終焉
「すまなかった・・・」
刀を腹部に向けながら桃太郎はお供に向かって言った。
「鬼退治は私が背負った使命。私だけで行うべきだったのだ。」
「そ、そのようなこと・・・」
「今まで数え切れないほどの鬼を殺してきた・・・しかしきゃっつらは殺しても殺しても湧いてでてくる・・・お前達も気づいているであろう・・・同じ鬼と何度も戦っていることを!きゃっつらは確かに私に殺されている・・・しかし、その霊は地獄に堕ち、再びこの世に再生しているのだ。

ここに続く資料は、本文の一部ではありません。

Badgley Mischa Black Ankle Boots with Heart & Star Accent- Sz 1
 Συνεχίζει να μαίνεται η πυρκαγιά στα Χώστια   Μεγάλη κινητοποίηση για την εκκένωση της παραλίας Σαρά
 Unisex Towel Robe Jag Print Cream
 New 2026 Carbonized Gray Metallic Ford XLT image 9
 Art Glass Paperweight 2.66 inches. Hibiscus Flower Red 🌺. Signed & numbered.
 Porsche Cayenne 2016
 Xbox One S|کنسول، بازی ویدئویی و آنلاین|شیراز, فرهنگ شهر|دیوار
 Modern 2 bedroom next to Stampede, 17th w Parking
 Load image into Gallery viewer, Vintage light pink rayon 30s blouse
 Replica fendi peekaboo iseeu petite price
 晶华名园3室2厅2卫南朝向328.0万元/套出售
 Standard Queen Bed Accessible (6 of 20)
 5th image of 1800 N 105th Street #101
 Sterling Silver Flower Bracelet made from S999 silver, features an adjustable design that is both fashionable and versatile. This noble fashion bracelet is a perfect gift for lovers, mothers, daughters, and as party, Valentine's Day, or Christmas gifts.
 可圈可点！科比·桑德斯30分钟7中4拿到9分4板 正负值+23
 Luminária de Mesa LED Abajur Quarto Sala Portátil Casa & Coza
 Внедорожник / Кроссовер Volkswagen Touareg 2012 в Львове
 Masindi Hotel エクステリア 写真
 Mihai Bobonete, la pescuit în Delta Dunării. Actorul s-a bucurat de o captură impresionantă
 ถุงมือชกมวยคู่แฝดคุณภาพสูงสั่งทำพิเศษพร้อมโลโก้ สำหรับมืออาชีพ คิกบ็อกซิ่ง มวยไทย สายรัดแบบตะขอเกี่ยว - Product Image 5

」
「・・・・・・」
「私は人間ではない。桃から産まれた桃太郎はただの罪人なのだ。鬼殺しは罪を贖う為に課せられた使命。私は・・・堕とされたのだ。」
一際、目も開けられないほどの強い風が四人に降りかかった。
まるで、天の怒りのように・・・。
桃太郎は灰色の空を仰いだ。
恐ろしいほど高い空だった。
「私はまだ・・・堕ちなければならないのか・・・」
掠れた声で桃太郎は呟いた。
刀を強く握った。
膝を曲げ、力を込める。
お供三人が止めようと駆け寄る前に、刀が桃太郎を貫いていた。